The Westminster Confession of Faith (1646) affirms the inseparable unity between the purchase and application of redemption. The 1689 Baptist Confession of Faith adopts the exact wording of the Westminster Confession in Chapter 8, Paragraph 8, cementing the doctrine of particular redemption within the confessional Particular Baptist tradition.

== Objections and theological responses ==
Critics of limited atonement argue that the doctrine contradicts biblical affirmations of God's universal love, undermines the sincerity of the gospel offer, and misconstrues the nature of Christian conversion. In response, Reformed theologians maintain that definite atonement is the only position that preserves the actual efficacy of the cross and the unity of the Trinity's redemptive purpose.

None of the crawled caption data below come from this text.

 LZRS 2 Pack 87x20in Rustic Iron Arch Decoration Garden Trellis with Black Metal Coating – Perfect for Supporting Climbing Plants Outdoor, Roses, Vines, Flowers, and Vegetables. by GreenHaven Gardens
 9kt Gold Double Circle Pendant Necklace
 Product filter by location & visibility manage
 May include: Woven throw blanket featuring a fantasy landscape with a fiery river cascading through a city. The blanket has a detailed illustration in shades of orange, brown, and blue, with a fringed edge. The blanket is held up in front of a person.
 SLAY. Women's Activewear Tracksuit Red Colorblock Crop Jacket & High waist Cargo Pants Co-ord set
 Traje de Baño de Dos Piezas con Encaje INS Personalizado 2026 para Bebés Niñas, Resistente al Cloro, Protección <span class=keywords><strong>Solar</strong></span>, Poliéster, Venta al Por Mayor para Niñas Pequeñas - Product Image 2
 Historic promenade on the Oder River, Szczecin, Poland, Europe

=== Sincerity of the universal gospel offer ===
- Objection: Non-Calvinist theologians argue that if Christ died only for the elect, the universal proclamation of the gospel (the general call or vocatio externa) becomes insincere, as salvation would be offered to individuals for whom no propitiatory sacrifice was ever made.
- Reformed response: Reformed dogmaticians (such as Herman Bavinck and Louis Berkhof) respond that the gospel offer does not proclaim "Christ died for you specifically as an individual," but rather "whoever repents and believes will be saved". Because Christ's death is of infinite intrinsic value and sufficient for all (as affirmed in the Canons of Dort, II.3), the offer is genuine: no sinner who comes to Christ will be turned away for lack of sufficiency in the atonement.

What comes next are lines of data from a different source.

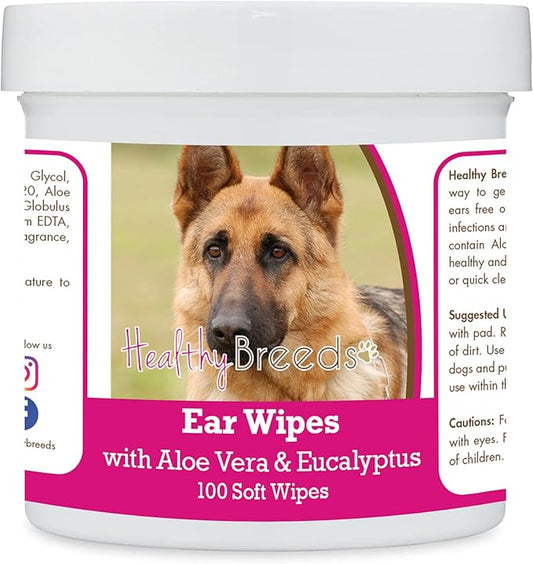 Healthy Breeds German Shepherd, Saddle, Ear Cleaning Wipes with Aloe & Eucalyptus for Dogs 100 Count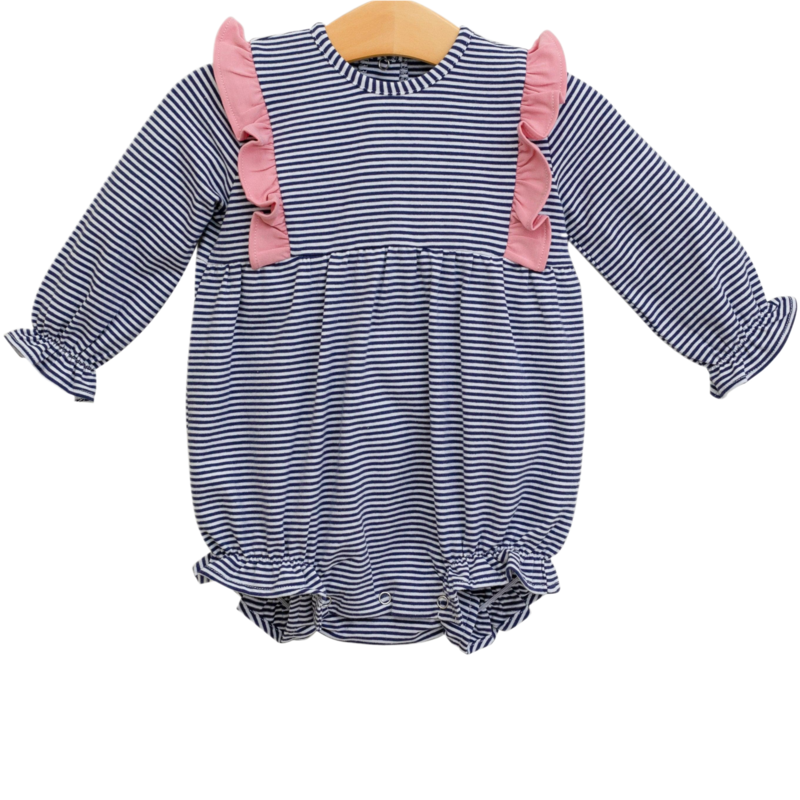 Trotter Street Kids Trotter Street Kids Olivia Bubble - Navy Stripe/Pink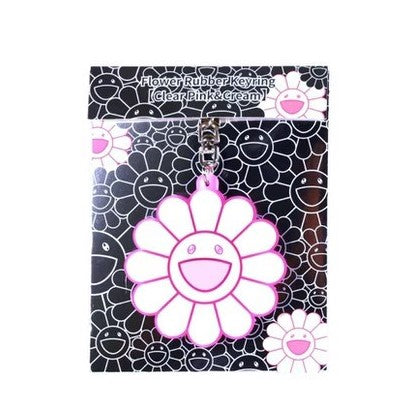 Takashi Murakami 村上隆 Rubber Flower Keyring - ClearPink/Cream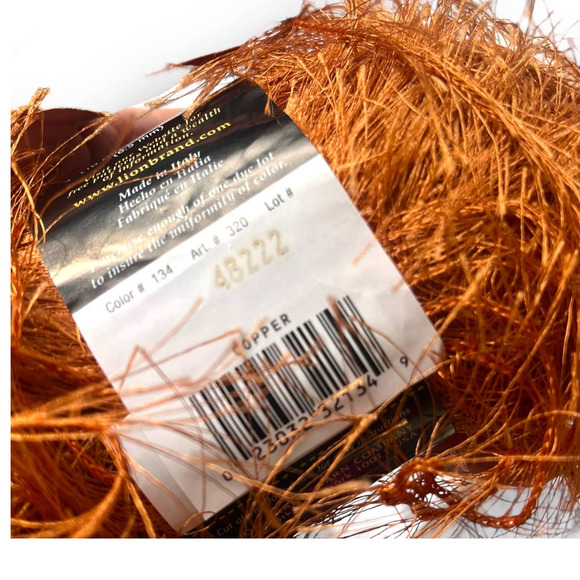 2 Skeins Lion Brand FUN FUR Eyelash Yarn | Copper & Black - Picture 3 of 5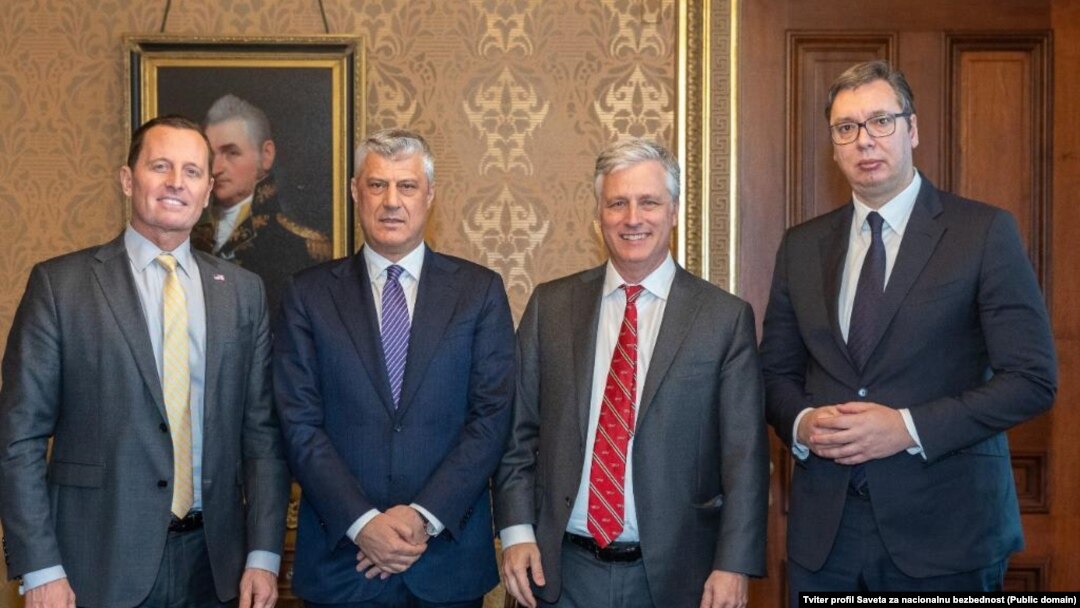 Ričard Grenel, Hašim Tači, Robert O'Brajen i Aleksandar Vučić tokom susreta u Beloj kući (Foto: Savet za nacionalnu bezbednost)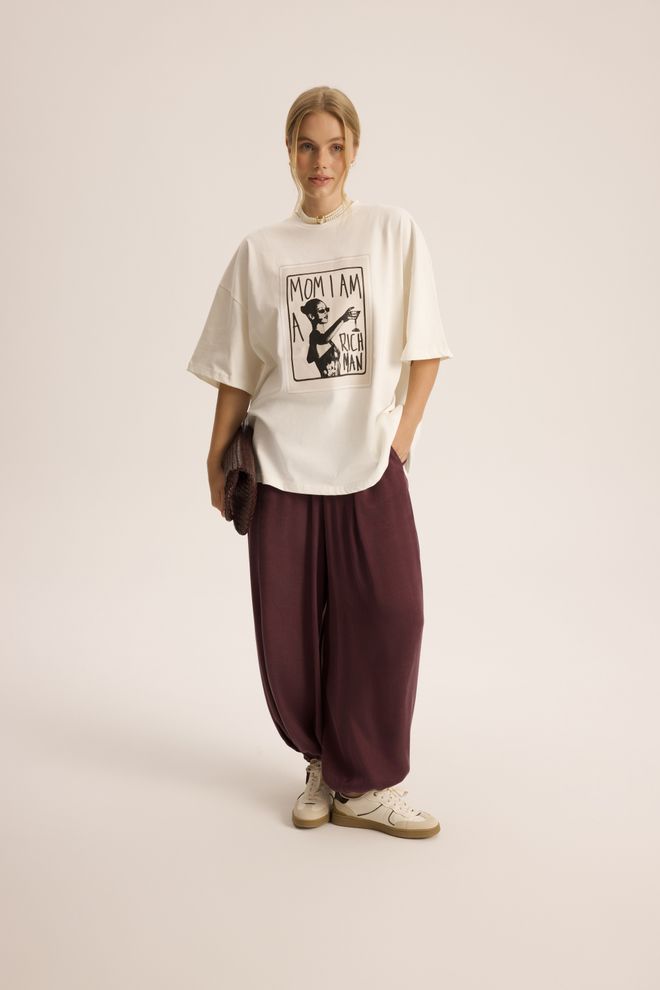 Mai Collection Бордовый Красный Штаны Оптовая продажа одежды Повседневный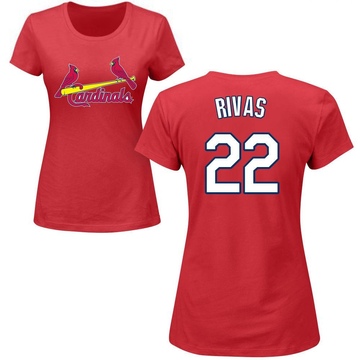 Women's St. Louis Cardinals Alfonso Rivas ＃22 Roster Name & Number T-Shirt - Red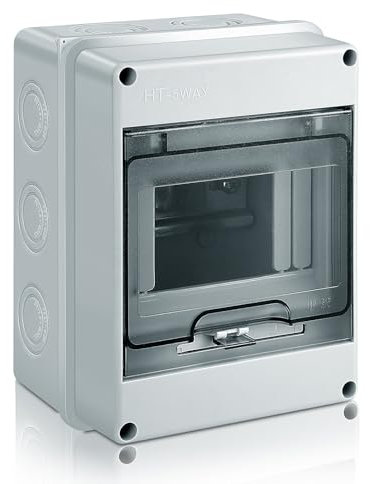 Zeawavsl Coffret Electrique Etanche Exterieur, IP65 Boîtier de Distribution en Saillie 5 Modules avec Terminaux, ABS de Surface en Plastique pour une Utilisation à l'extérieur (5 MODULE)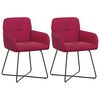 vidaXL Cadeiras de Jantar 2 unid. Veludo Vinho Vermelho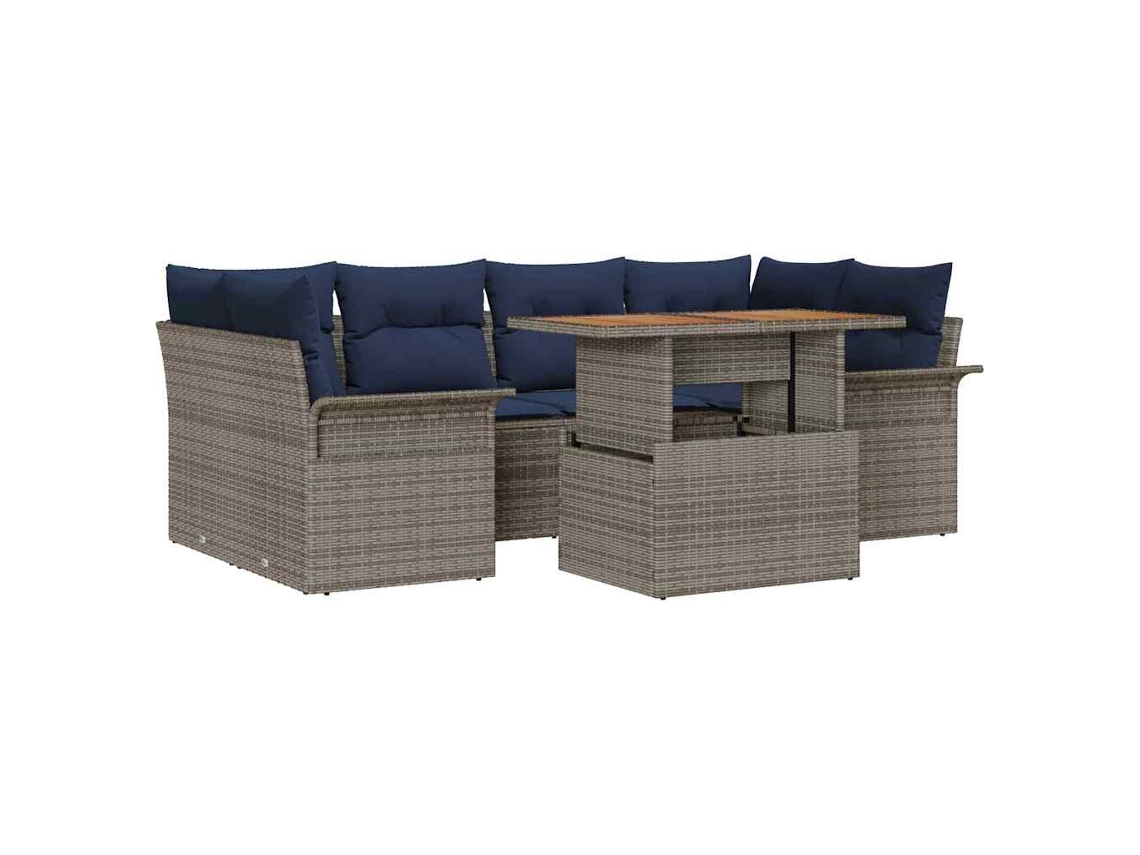 Maison Exclusive - Conjunto De Sofá De Jardín 7 Pcs Gris Poliratán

=== Moral culpability and duty-faith ===
- Objection: Critics argue that it is unjust for God to condemn unregenerate sinners for failing to believe in a Savior who did not intend to redeem them, asserting that moral responsibility requires that salvation was objectively provided on their behalf.
- Reformed response: Reformed theologians maintain that sinners are condemned on the basis of their personal violations of God's moral law and their natural, willful enmity toward God, not merely for rejecting the atonement. The duty to believe the gospel is a moral obligation to accept God's true testimony concerning His Son, and human inability to believe arises from moral corruption rather than any extrinsic defect in the gospel.

=== Universal scope of biblical language ===
- Objection: Opponents cite explicit passages describing Christ's sacrifice in universal terms, such as being the propitiation for the "whole world", a ransom for "all" , and God "not wishing that any should perish".
- Reformed response: Reformed commentators point out that scriptural terms like "all" and "world" (kosmos) rarely mean every individual without exception in their immediate context. In Johannine and Pauline usage, "world" and "all" frequently mean "all kinds of people" (without ethnic distinction, including Gentiles as well as Jews) or designate the broader realm of fallen creation, while the patience described in is contextualized by its address to believers ("you-ward").

=== Conditional application vs. Double jeopardy ===
- Objection: Non-Calvinist defenders of penal substitution (such as William Lane Craig) argue that the Reformed "double payment" or "double jeopardy" objection rests on an invalid application of human legal systems to divine grace. They contend that Christ paid the penalty for all sins conditionally, but the legal remittance of that penalty is applied only when the sinner exercises faith.
- Reformed response: Reformed authors counter that if Christ paid for all the sins of those who ultimately perish, and yet they are condemned for the sin of unbelief, then either unbelief is not a sin for which Christ died, or God exacts punishment twice for the same offense. Furthermore, Reformed theology asserts that saving faith itself is not an unpurchased, autonomous human contribution, but a covenantal gift merited and purchased by Christ's sacrifice on the cross.